「朱昭媛害大皇子落水,念其無心之失,貶為正七品寶林,禁足三個月為大皇子祈福」趙禎不管朱昭媛的呼喊,冷眼掃了一眼眾人,盯著哭喊的朱昭媛厲聲道。♀
朱昭媛癱跪在地上,難以置信的看著皇上,停止了呼喊,雖然明白自己必然會受懲罰,但還是難以接受,心心念念的皇上,連一句解釋的話都沒有給她,便直接定了她的罪。
「皇後將朱昭媛和大皇子身邊的人帶回去審查,一定要徹查,朕倒要看看這件事情到底是巧合還是有心人搞出來的」皇上處罰了朱昭媛後站起身,帶著太監往劉妃宮里走去。
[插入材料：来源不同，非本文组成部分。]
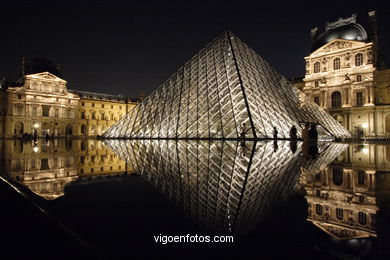 PIRÁMIDES DEL LOUVRE, FRANCIA - PARÍS - MUSÉE DU LOUVRE - IMÁGENES DE VIAJES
「眾位妹妹都散了吧,今日之事大家都受累了。本宮近日要查案,這幾日的請安就免了,都回吧」皇後嚴肅的對著幾位嬪妃道。
「是」眾人也看夠了熱鬧,便各自帶著宮人回宮了。
在回翠綠軒的路上,寶珠沖著歡樂使個眼色,歡樂點頭示意後退出隊伍離開。
寶珠回到翠綠軒半個時辰後,歡樂才神神秘秘的回來。
「主子」歡樂回到內室,遣退伺候的小宮女,只剩下歡喜,這才上前匯報。
「得到什麼消息?」寶珠躺在軟榻上,慵懶的問道。
「回主子,奴婢已經確定,小寧子已按計劃向馬妃投誠,並與馬妃詳談近一個時辰。
他從馬妃那離開後,便直接去了御花園,在那里見了朱昭媛身邊的大宮女如月,正是大皇子出事之前。」歡樂如實匯報從芝草那里得到的消息。
「嗯,看來此事少不得有馬妃的推波助瀾,但是她是怎麼做到的呢?」寶珠听完匯報,難免有些疑惑,嘀咕道。
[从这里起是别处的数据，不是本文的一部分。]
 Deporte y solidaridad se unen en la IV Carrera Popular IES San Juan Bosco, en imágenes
「歡喜,關于大皇子的消息有多少?他為何會出現在御花園?」寶珠想不透朱寶林的行為,轉身對著歡喜道,她不相信這一切只是巧合。
「回主子,大皇子特別喜歡他的小狗旺旺,是幾個月前大皇子生辰時,自己挑選的禮物。他最近一段時間,每日黃昏都會到荷花池附近的空地逗玩小狗。」
「看來布局之人應該仔細研究過大皇子的習慣。那麼朱寶林呢,她又怎麼到了荷花池呢,是有人故意引她的還是她無意過去賞花的?」
寶珠百思不得其解,她很清楚這絕不是一個簡單的巧合,並且很確定幕後之人肯定就是是馬妃。
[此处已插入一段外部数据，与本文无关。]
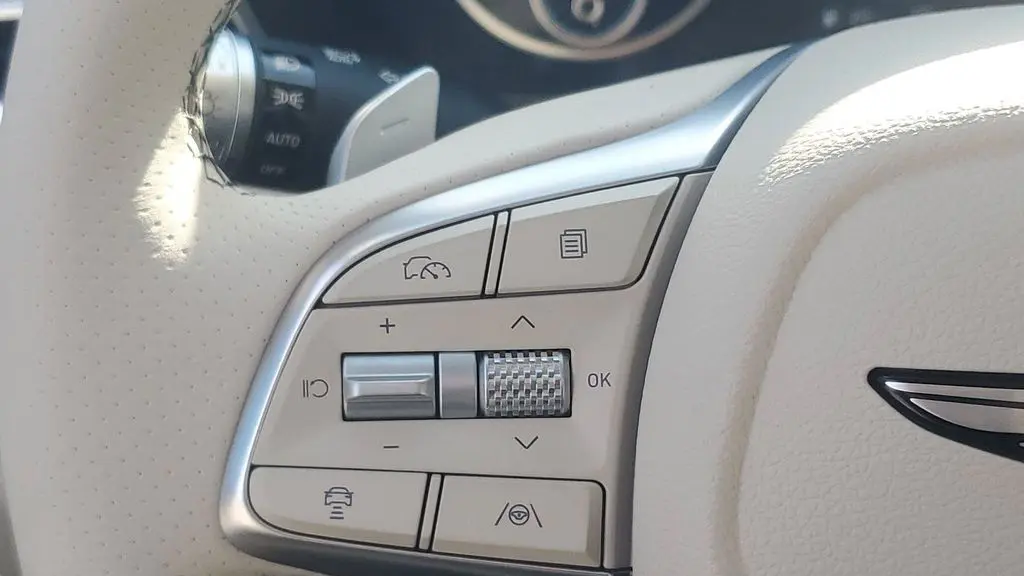 2026 Genesis G70 2.5T Prestige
寶珠仔細回想著當時的情形,突然一個閃光,似乎抓住了什麼,她沉吟了一會道︰
「你們記得嗎,當時小狗是直奔朱寶林的方向而去的,似乎是認準了她」
「對,主子這麼一說,奴婢也記得是這樣的,還繞過堵在前面的太監」歡喜也沉思道。
「嗯,我懷疑小寧子在如月甚至是朱昭媛身上動了手腳,因為當時朱昭媛一直跟如月待在一起,兩個人的方位一致,看來只有小寧子才知道了」
「主子,那我們怎麼辦,靜觀其變嗎?」歡喜見寶珠一直沉思,便繼續道。
「不,我相信劉妃一定更想知道是誰在幕後,想要傷害大皇子。你想辦法傳遞消息給劉妃和皇後娘娘,就說出事之前,馬妃身邊的太監小寧子曾與朱寶林身邊的如月聯系過。
劉妃定會抓住線索,從小寧子那入手。
而皇後嘛,她是不會錯過一個扳倒有子嗣妃子機會的,就看她們兩人誰先得到小寧子了。
去吧,恐怕等皇後問出消息就遲了,那時候怕小寧子是想說也說不了了」寶珠閉上雙眸,即便小寧子曾經企圖害過她,她還是一時難以接受一個鮮活的生命就這要消失了。
「是,奴婢這就去辦」歡喜退了出去,歡樂見寶珠有些疲憊,也悄聲退出了內室。
當晚,大皇子高燒,皇上一直待在長樂宮陪同,直到第二日一早才離開早朝。
第二日午後,鐘粹宮太監小寧子在御花園沖撞皇後娘娘儀仗,被當場杖斃。
鐘粹宮馬妃長舒一口氣,小寧子于她始終是個隱患。
劉妃笑容莫變,只是眼底有一抹狠戾,一直精心照顧大皇子,並未踏出華清宮一步。♀
寶珠听後微微一笑,劉妃不簡單啊,關系到親生兒子竟然沒有貿然出手,看來能在這後宮之中好好活下來的,沒一人簡單。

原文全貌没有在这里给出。